PT Heinz ABC Indonesia Kembali Lanjutkan Tanam 1.000 Pohon, Dukung KHDTA di Jawa Timur

Share Article :

Uritanet, Pasuruan –

PT Heinz ABC Indonesia (ABC) kembali melanjutkan program penanaman 1.000 pohon guna mendukung Konservasi Hutan dan Daerah Tangkapan Air (KHDTA), khususnya di wilayah Jawa Timur. Dan kali ini berkolaborasi dengan Yayasan Cempaka di daerah tangkapan air Curah Tangkil, Desa Dayurejo Kabupaten Pasuruan, Jawa Timur (8/5).

Inilah komitmen terhadap konservasi air dan lingkungan yang menjadi bagian dari pilar Environment Stewardship dalam tiga fokus utama Environment Social Governance (ESG), yang diusung oleh PT Heinz ABC Indonesia (ABC) sebagai bagian dari tujuan membangun bisnis yang berkelanjutan di Indonesia.

Perlu diketahui, program ini terus berlanjut sebagai bagian dari pelaksanaan tanggung jawab Perusahaan terhadap lingkungan, dimana sejak 2018 lalu, PT Heinz ABC Indonesia (ABC) telah berkolaborasi dengan Dinas Lingkungan Hidup dan Forum Daerah Aliran Sungai Kabupaten Pasuruan, Jawa Timur, untuk menanam setidaknya 4.000 pohon di berbagai kawasan Daerah Tangkapan Air untuk mendukung konservasi hutan dan mata air.

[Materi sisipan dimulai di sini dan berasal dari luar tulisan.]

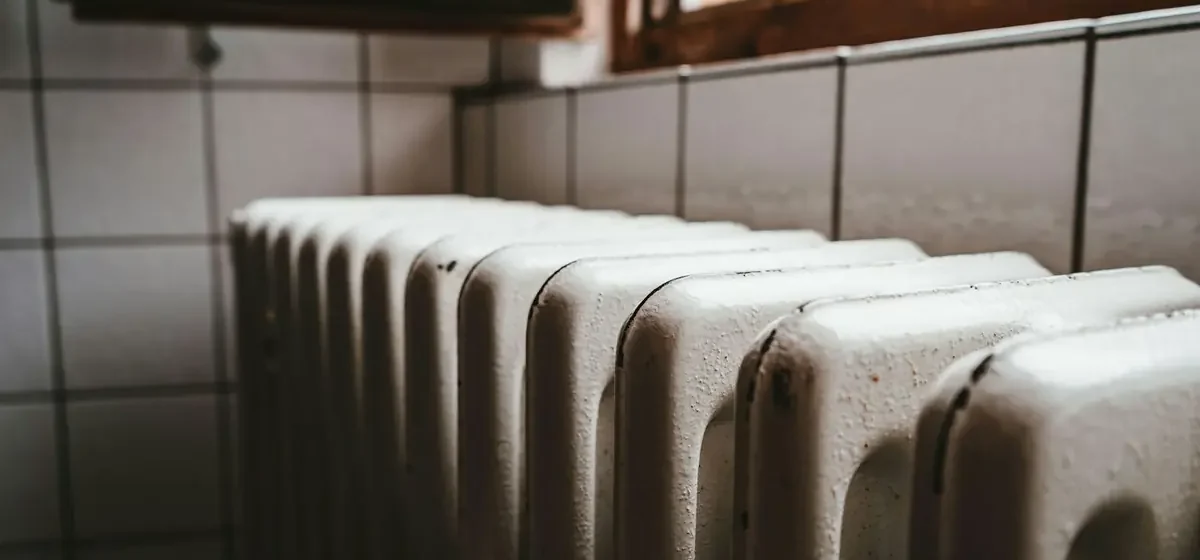 White radiator beside a wooden window frame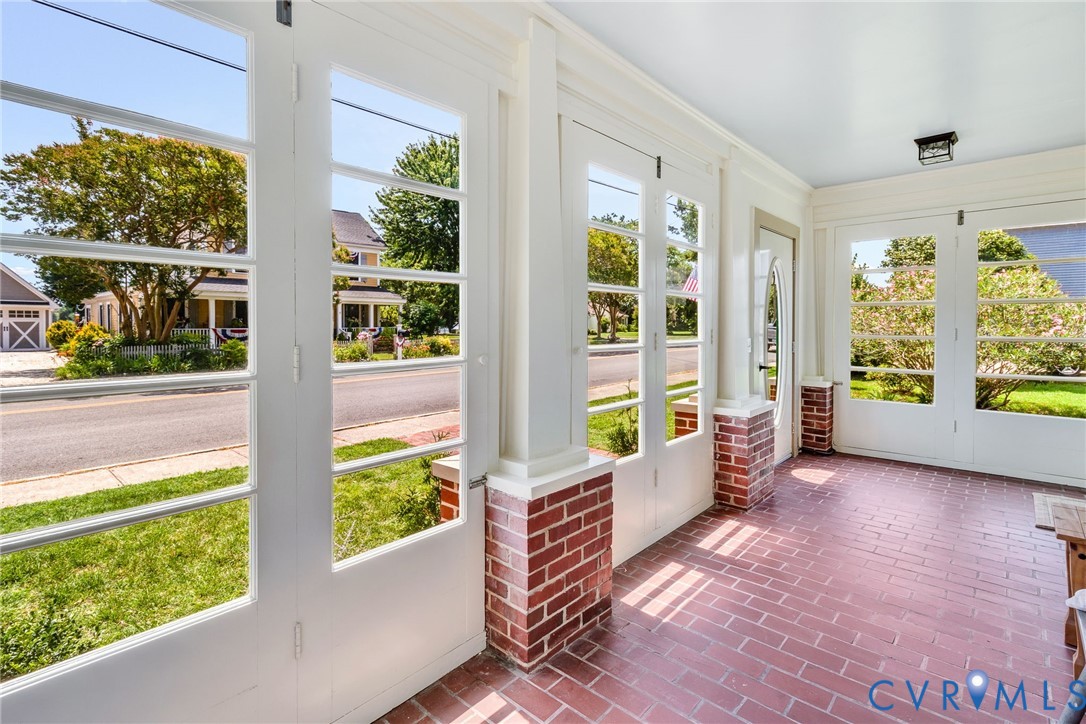 618 Main Street Reedville, VA 22539 - Photo 4 of 54 Sun-drenched enclosed porch featuring brick floori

“Sejak awal beroperasi di tahun 1996, Pabrik Heinz ABC Indonesia di Pasuruan berkomitmen menghadirkan dampak positif bagi masyarakat dan lingkungan. Bersama sama dengan Dinas Lingkungan Hidup Kabupaten Pasuruan. Dan tahun ini kami meneruskan program penanaman 1.000 pohon, sebagai bagian dari upaya bersama memelihara sumber mata air bagi masyarakat. Kami berkomitmen untuk melakukan penanaman pohon ini secara berkala hingga setidaknya sepuluh tahun kedepan. Semoga upaya kolektif ini dapat menghadirkan dampak baik, tidak hanya bagi konservasi lingkungan, tapi juga bagi para petani dan kehidupan masyarakat setempat.” demikian jelas Hendry Pranadjaya Oeswadi, Pasuruan Plant Manager Kraft Heinz Indonesia.

Sementara Sarifudin Lathif, selaku Direktur Yayasan Cempaka menambahkan bahwa, “Tahun ini, ada 1.000 bibit tanaman yang kembali kami tanam bersama PT Heinz ABC Indonesia (ABC), dimana sebagaian besar merupakan jenis tanaman buah, seperti Alpukat, Durian, Kopi, Kayu Manis, serta tanaman lokal seperti Pohon Sintok. Selain untuk tujuan konservasi area resapan air, juga diharapkan meningkatkan perekonomi petani dan masyarakat dengan sistem agroforestri.”

Baca Juga :  Kementrian pariwisata dan ekonomi kreatif Gelar Bimbingan Teknis dan Workshop Online ADWI 2021

Kegiatan penanaman ini dalam pelaksanaannya berbentuk kolaboratif multi-pihak, dengan melibatkan berbagai sektor, mulai dari PT Heinz ABC Indonesia (ABC) sebagai pelaku usaha, sekaligus pemrakarsa dan kontributor pendanaan, dan Yayasan Campaka sebagai LSM Lingkungan dan Pemberdayaan Sosial sebagai mitra pelaksana utama, yang disupervisi langsung dibawah koordinasi Dinas Lingkungan Hidup Kab. Pasuruan.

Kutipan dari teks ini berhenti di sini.